On the one hand, my current project is quite different from my previous ones; on the other, it is entirely based on them. It is what I would call an epistemological inquiry. I want to analyze what distinguishes or even sets in opposition the different types of discourses on art that have coexisted since the middle of the eighteenth century: those of the art theoretician, the art critic, the art historian, and the philosopher.
Why the eighteenth century? Because in this period a major breach in the history of artistic discourse emerged. An earlier breach had appeared during the Renaissance with the birth of the theory of art in its modern sense, which represented a new mode of reflection on art and a different understanding of artistic practice as a theoretical enterprise. A second important breach occurred around 1750 with the appearance of three completely new types of discourse: art criticism in France and art history and aesthetics in Germany. These discourses are in fact very different from one another. Art criticism is a literary genre whose development was linked to the new modes of exhibition (salons) and publication (newspapers). In contrast, art history pretends to be a scientific approach to art, and it very quickly gained the legitimacy of an academic subject in the German university. Aesthetics is the name given in Germany to a new branch of philosophical study (separate from metaphysicis, logic, and so on) that emerged following the publication of Gregor Baumgarten’s Aesthetica in 1750. Beyond the theoretical concerns that differentiate them, these discourses share their development outside artistic practice. Although art critics, art historians, and philosophers do not adopt the same position toward art and artistic works, they have in common the fact that they are not artists themselves.

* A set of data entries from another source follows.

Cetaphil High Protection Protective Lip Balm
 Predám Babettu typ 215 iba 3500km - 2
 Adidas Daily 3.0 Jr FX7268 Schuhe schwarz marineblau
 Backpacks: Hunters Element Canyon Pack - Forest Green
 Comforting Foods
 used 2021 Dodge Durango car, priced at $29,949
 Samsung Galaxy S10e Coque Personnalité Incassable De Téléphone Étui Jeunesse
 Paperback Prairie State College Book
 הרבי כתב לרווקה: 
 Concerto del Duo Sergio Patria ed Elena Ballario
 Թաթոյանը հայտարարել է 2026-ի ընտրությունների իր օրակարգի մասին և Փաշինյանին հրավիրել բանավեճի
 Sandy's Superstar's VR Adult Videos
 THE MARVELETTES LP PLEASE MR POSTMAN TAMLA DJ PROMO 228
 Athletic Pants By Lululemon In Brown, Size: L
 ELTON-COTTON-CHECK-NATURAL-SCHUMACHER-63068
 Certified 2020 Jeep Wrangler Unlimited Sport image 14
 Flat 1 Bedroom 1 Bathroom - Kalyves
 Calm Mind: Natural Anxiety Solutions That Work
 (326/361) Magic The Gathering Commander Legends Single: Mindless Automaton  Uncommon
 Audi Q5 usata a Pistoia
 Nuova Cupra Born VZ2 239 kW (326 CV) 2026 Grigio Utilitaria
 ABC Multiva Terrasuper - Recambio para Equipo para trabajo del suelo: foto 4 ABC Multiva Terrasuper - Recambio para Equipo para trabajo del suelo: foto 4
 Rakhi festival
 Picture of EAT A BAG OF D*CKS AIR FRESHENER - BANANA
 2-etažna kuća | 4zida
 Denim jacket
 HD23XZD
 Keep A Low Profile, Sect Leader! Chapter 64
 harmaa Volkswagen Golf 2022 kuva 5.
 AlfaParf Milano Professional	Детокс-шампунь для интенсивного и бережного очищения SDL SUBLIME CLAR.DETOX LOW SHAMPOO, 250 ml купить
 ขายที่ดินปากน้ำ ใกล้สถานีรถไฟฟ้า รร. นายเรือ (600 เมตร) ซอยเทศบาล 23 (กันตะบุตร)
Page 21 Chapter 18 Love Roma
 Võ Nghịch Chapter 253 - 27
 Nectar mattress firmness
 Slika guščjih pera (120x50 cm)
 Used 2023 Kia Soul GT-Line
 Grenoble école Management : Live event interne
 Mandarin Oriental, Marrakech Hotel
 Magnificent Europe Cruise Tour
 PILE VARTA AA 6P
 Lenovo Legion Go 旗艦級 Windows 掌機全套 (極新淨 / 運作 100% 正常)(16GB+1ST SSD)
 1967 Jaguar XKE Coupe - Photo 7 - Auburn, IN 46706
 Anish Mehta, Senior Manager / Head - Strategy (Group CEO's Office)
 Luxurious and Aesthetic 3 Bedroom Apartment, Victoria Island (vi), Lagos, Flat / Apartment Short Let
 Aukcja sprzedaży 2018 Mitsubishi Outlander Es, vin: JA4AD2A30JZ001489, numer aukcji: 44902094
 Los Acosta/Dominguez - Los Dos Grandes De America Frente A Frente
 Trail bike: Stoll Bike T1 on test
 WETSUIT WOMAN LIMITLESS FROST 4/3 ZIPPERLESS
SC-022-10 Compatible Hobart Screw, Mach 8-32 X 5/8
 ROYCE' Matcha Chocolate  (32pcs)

This position outside the practice of art is what distinguishes their discourses from that of artists. It explains the hostile reaction of the academicians to art critics like Étienne La Font de Saint-Yenne and Denis Diderot, who claimed proudly not to be artists themselves—that is, they judged art purely from the point of view of a spectator. But it also explains the French resistance or opposition to the historical, and, even more, to the aesthetic approach to art, which until the second half of the nineteenth century would be identified as a typically German mode of thinking, foreign to the French tradition of artistic theory.
In my book I will explore the properties of the various discourses on art that emerged in the eighteenth century and analyze their differences, limits, and specificity. I will also consider the “national” aspect of the opposition between different modes of discourse; that is, how this theoretical and artistic conflict was shaped, in the eighteenth and nineteenth centuries, into a more general and political antipathy between France and Germany. Last but not least, I will examine the current situation and ask: what are the relationships today among art theory, art criticism, art history, and aesthetics? I also want to address a question that is crucial for me as a philosopher: does philosophy have something specific to say about art?